25.1.06

Um Rei Exorcista, por André Bandeira


Estranho título este. Ficava mais elegante chamar-lhe taumaturgo. Assim, parece uma mistura de irredentismo miguelista com aquele filme que passou nos cinemas há uns anos. Dizem-me que tenho a mania do Diabo, mas não falo agora de mim.

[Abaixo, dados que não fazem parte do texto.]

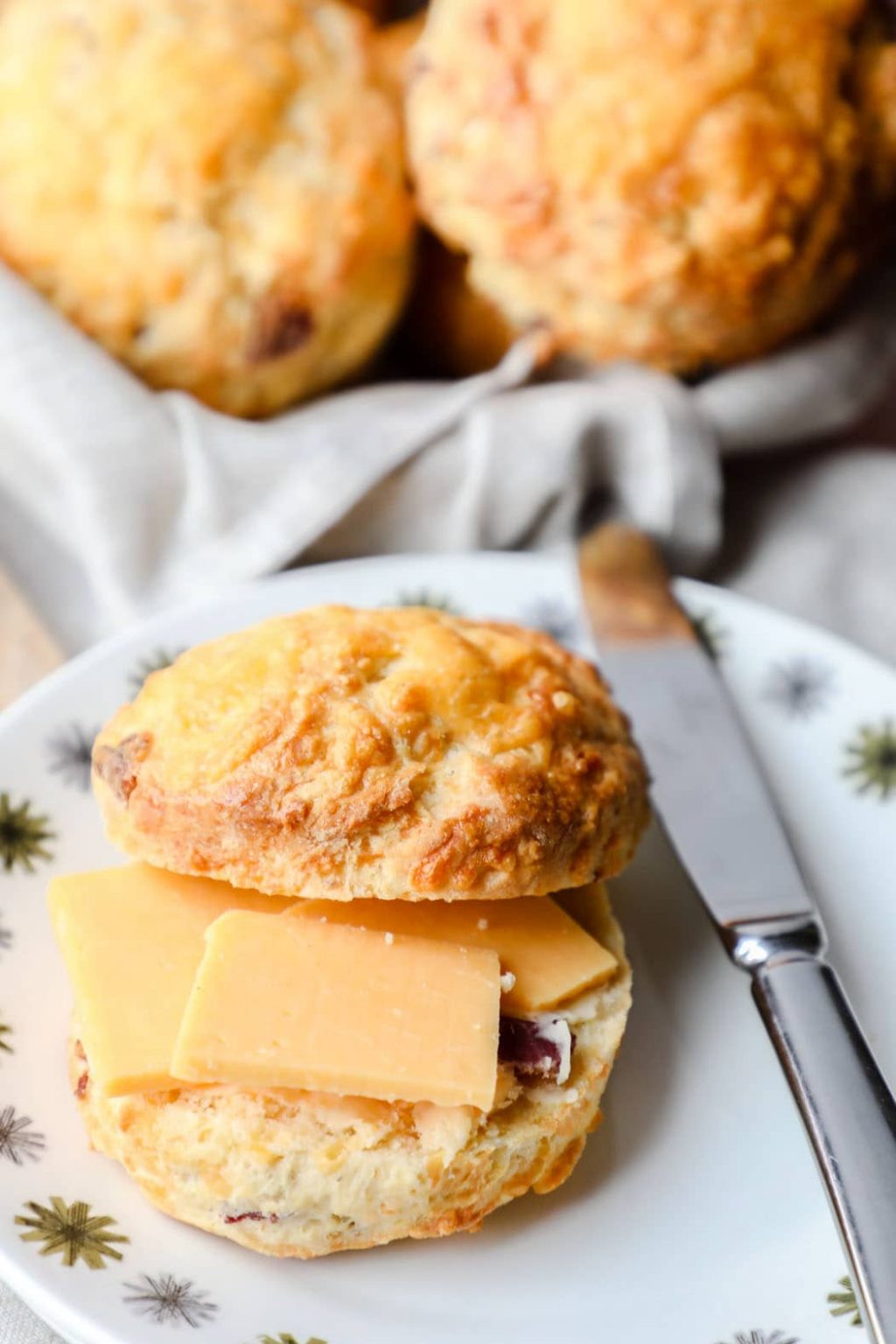 Bacon Cheddar Scones - Farmersgirl Kitchen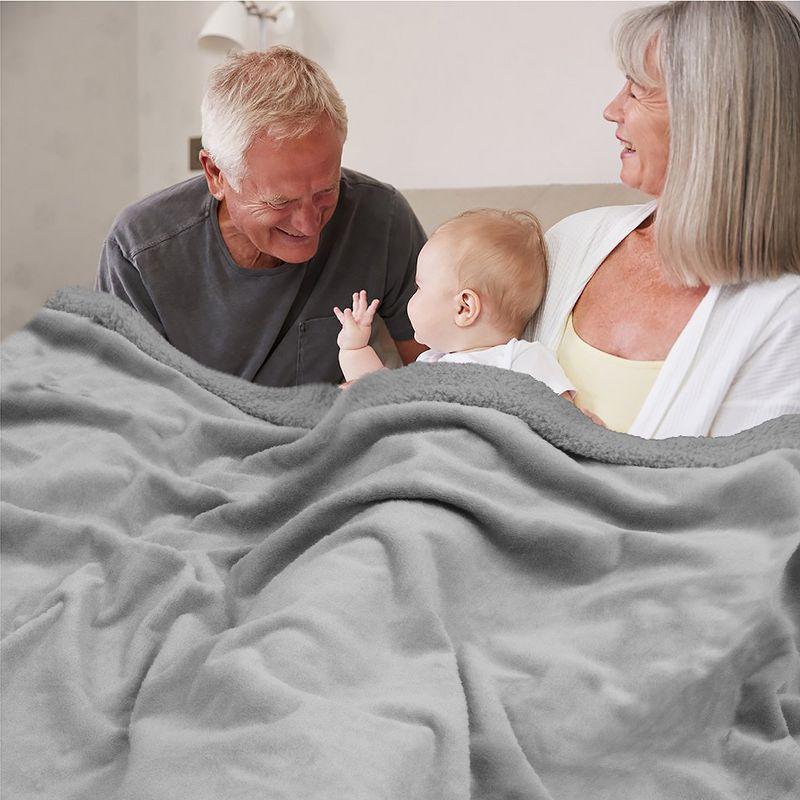 Pavilia Hand Woven Throw Blanket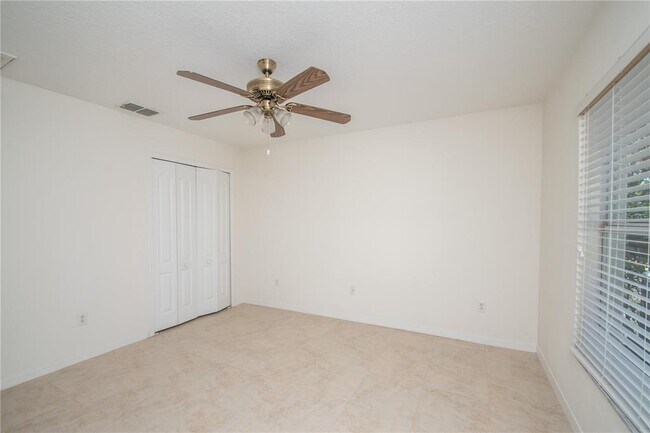 Building Photo - 14780 Edgemere Dr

Sim, um rei exorcista que exorcizasse o mal-estar, a secura e a falta de esperança a que chegou a política portuguesa, que dissesse que o céu não é o único limite a qualquer louco ambicioso. Um Rei que nos protegesse dos excessos da política, em quem um acontecimento familiar fosse como um momento à lareira da alma que é o Presépio, mesmo para aqueles que nunca terão um família ou que nunca a tiveram.

Sim, um Rei que nascesse e morresse como uma Era da Pátria, que não passasse à tangente, um Rei que nascesse e morresse como um longo dia de Verão. E um Homem ou uma Mulher que soubessem caber dentro desse nome de Rei.

Um Rei que ensinasse que não vale tudo para conquistar e manter o Poder e que por mais que se lavre, há que deixar repousar umas árvores antigas ao lado do campo. Um Rei levado em ombros, mesmo que o povo da aldeia tivesse que ir buscar uma velha árvore arrancada pelas necessidades do desenvolvimento e a voltasse a plantar no mesmo sítio, esperando pacientemente que ela voltasse a florir. Para que os amantes desavindos, quando passassem por lá, se lembrassem que, um dia, tinham lá gravado um coração, com o nome de um, à direita, e o nome do outro, à esquerda. Para que o velho burro se lembrasse que aquela era a árvore ao lado da estrada, pouco antes da velha Igreja, a uns passos da velha casa em ruínas.

Si, um Rei Exorcista, pelo qual valesse a pena morrer de boca aberta a cantar, ou sentar-se na cadeira de torturas e, mesmo sem dentes, nem olhos, não abrir a boca para nunca pronunciar o doce nome dos camaradas, como sombras antigas duma recordação de infância.

Um Rei por quem Zé do Tilhado e João Brandão, saíssem da fila, com um passo em frente, barbados e sujos, resplandecendo ao sol.

Um Rei, que como todos os escravos, no chão, disseram " Eu sou Spartacus".

Sim, um Rei que me atasse ao leme, mais forte que o monstrengo que minha alma teme e dizer "El-Rei", ou "Ré", fosse tão doce como dizer " Liberdade".